Greg Monroe (Bayern Münih)

Kariyeri: Detroit Pistons, Milwaukee Bucks, Phoenix Suns, Boston Celtics, Toronto Raptors, Philadelphia 76ers
İstatistikleri: 632 maç 13.2 sayı, 8.3 ribaund, 2.1 asist
Pozisyon / Yaş: Pivot / 29

Evet… son sezonları çok iyi değildi. Ama bundan 4-5 yıl önce Greg Monroe’nun bir gün Avrupa’ya geleceğini söyleseniz, muhtemelen kimse size inanmazdı.

Sonuçta o yıllarda Monroe, NBA’de 15.9 sayı, 10.2 ribaund ortalamaları tutturan bir uzundu.

Hayat çok acımasız. NBA’de oyunun temposu değişince Monroe gibi uzunların sahada olmasının hiçbir sebebi kalmadı ve 2010 Draftı’nda 7. sırada seçilen Monroe, beklenenden daha önce NBA dışında kaldı.

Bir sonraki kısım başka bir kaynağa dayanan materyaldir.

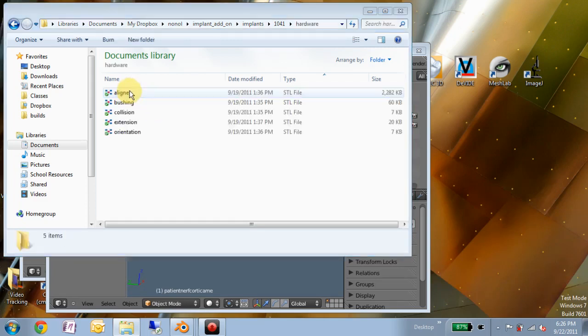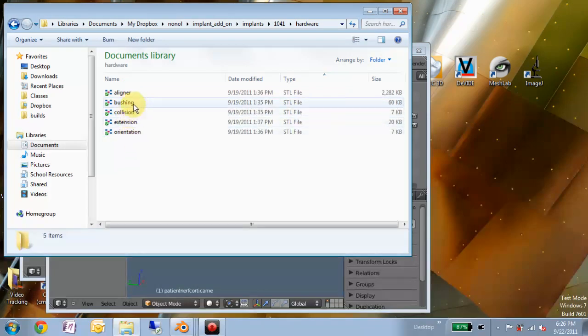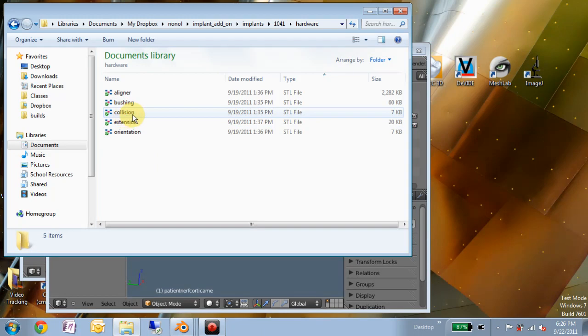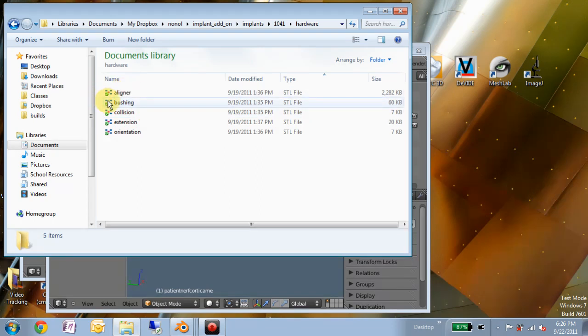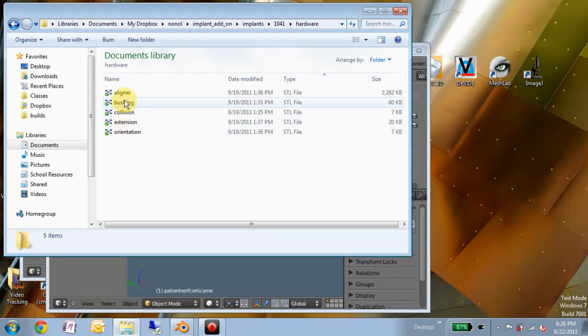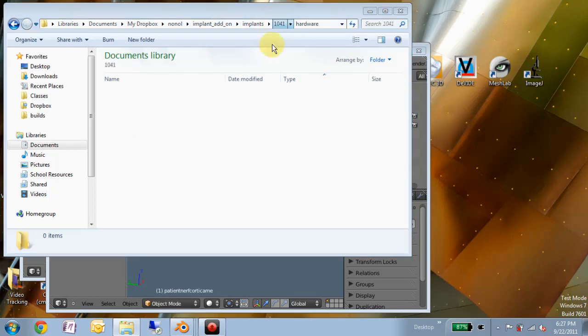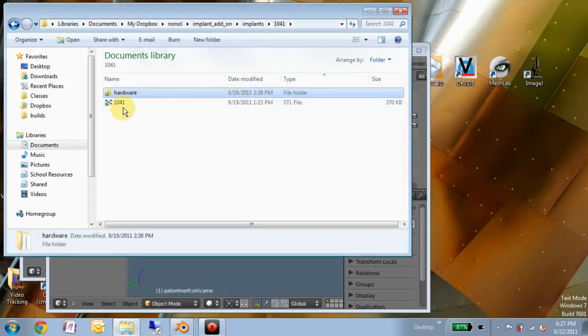And then a separate folder representing all the associated hardware, be it collision, which represents a safety region around the implant, and then an aligner or coping or custom abutment or the bushing, which you would use to put into a surgical guide to limit the depth that your osteotomy burrs might go. So this is just a proposal in terms of how this could be organized.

Geçtiğimiz sezon benzer bir transfer olan Derrick Williams’tan beklentilerin çok üstünde katkı alan Bayern bu fırsatı kaçırmadı ve Monroe’yu Avrupa’ya gelmeye ikna etti.

Bakalım Monroe, Bavyera’da Derrick Williams’ın yarattığı etkinin benzeri yaratabilecek mi?